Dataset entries
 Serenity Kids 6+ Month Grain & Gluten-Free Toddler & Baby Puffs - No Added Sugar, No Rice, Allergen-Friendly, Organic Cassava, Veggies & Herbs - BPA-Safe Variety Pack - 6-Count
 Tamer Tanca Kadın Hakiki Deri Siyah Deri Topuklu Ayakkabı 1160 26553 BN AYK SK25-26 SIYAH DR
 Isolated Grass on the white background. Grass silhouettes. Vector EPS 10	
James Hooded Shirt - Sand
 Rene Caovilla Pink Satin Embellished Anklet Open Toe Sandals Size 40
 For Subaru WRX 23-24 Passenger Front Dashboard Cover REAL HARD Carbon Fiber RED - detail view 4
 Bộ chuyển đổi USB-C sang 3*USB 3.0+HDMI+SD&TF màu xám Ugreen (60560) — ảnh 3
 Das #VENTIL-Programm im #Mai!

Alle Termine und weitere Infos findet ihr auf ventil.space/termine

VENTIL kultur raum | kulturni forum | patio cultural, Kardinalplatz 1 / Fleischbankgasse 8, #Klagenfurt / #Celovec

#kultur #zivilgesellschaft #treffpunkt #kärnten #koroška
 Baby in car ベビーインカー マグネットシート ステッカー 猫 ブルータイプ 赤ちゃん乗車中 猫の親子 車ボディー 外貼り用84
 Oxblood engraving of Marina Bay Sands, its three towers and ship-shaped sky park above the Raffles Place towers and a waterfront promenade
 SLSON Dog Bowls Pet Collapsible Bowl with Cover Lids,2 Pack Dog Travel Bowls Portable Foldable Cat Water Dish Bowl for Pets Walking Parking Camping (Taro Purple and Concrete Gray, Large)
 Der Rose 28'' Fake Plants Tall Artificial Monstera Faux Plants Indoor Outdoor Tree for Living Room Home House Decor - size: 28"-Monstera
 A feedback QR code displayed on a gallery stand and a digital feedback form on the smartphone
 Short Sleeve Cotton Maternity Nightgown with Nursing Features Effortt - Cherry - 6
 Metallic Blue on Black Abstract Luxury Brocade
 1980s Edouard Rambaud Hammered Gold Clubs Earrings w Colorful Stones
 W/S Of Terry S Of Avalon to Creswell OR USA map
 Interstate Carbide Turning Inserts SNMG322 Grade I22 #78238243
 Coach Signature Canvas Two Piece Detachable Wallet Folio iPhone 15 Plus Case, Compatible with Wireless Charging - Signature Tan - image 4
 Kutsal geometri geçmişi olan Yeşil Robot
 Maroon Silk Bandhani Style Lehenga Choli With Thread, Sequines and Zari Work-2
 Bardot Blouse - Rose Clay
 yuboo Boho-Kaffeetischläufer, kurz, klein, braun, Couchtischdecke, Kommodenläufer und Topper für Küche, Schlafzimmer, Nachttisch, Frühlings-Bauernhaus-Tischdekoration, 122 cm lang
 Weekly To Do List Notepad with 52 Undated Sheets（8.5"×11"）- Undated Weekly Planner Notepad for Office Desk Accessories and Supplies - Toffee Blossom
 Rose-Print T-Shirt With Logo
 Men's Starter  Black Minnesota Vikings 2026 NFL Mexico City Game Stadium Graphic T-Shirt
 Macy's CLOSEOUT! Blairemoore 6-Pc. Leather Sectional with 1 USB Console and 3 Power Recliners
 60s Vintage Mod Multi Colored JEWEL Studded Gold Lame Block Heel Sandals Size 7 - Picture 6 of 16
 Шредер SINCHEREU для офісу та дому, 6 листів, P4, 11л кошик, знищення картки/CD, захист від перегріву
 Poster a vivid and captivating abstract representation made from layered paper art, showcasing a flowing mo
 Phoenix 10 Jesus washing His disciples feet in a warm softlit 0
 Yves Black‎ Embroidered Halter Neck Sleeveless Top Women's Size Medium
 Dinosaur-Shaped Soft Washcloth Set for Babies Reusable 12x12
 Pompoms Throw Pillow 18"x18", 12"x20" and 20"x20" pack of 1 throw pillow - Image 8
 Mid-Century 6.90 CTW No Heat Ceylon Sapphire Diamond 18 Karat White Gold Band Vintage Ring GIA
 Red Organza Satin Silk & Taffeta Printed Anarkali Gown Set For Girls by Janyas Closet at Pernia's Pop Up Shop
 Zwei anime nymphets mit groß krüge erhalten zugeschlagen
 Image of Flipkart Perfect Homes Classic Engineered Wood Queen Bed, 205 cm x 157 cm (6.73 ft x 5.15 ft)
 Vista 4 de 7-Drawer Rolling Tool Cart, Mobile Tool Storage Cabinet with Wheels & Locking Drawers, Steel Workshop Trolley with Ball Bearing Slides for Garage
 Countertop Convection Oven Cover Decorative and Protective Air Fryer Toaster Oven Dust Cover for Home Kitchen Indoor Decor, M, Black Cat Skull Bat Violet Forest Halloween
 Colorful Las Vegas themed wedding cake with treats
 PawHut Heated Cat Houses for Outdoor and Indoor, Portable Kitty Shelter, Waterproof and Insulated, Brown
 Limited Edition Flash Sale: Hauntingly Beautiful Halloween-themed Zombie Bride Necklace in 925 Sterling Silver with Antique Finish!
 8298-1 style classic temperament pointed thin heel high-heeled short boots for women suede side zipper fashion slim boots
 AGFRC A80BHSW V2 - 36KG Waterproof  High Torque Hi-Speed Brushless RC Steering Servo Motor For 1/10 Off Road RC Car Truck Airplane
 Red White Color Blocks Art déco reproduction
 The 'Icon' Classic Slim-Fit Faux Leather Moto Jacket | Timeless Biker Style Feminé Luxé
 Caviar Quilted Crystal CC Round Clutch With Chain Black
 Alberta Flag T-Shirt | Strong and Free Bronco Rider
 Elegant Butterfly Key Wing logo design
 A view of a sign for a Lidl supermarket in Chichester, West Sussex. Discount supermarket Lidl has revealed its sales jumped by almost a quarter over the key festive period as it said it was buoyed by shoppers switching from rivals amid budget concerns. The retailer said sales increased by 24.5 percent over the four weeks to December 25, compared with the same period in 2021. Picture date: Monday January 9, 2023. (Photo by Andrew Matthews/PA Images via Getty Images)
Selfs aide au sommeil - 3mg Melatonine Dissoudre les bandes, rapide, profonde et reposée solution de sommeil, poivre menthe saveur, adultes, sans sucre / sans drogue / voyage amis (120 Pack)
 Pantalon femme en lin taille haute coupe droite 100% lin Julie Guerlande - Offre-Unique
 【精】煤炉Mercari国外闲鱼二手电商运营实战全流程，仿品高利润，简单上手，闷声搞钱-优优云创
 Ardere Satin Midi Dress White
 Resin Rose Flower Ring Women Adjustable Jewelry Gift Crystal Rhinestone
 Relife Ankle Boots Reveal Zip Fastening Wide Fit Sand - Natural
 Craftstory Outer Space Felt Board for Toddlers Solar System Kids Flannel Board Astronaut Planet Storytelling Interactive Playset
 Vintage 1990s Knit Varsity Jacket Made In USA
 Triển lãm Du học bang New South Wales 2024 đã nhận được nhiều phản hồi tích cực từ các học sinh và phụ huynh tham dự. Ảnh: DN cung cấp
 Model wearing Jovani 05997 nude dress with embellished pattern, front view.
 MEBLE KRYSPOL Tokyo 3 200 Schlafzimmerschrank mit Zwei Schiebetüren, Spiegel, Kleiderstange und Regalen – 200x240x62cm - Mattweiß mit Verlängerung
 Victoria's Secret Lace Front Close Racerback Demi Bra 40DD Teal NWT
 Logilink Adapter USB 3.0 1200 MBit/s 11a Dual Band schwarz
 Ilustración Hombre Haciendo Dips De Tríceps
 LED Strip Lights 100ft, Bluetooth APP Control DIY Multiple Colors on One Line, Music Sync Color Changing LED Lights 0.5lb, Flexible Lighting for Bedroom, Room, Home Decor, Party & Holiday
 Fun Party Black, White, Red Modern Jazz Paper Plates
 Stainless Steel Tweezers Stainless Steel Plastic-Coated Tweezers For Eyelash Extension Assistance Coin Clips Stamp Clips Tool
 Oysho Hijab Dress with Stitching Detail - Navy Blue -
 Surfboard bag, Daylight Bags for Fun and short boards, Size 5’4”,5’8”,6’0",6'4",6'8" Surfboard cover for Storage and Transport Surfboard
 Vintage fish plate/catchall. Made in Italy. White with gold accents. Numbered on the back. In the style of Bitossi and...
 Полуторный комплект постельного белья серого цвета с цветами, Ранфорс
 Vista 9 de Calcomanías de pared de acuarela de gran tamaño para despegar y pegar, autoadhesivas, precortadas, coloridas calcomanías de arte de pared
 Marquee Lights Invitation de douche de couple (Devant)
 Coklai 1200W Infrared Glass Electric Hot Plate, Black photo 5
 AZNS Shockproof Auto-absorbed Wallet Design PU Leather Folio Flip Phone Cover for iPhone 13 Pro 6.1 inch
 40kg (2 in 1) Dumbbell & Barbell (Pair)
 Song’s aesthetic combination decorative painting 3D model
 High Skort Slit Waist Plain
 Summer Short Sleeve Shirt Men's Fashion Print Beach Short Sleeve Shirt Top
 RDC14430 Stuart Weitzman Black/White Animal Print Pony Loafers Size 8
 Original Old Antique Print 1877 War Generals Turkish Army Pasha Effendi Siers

DIRECTIONS FOR THIS TASK:
In the records above, locate the line that contains "RDC14430 Stuart Weitzman". Repeat it and every line after it, exactly, and nothing else.

RESPONSE TO THIS EXERCISE:
 RDC14430 Stuart Weitzman Black/White Animal Print Pony Loafers Size 8
 Original Old Antique Print 1877 War Generals Turkish Army Pasha Effendi Siers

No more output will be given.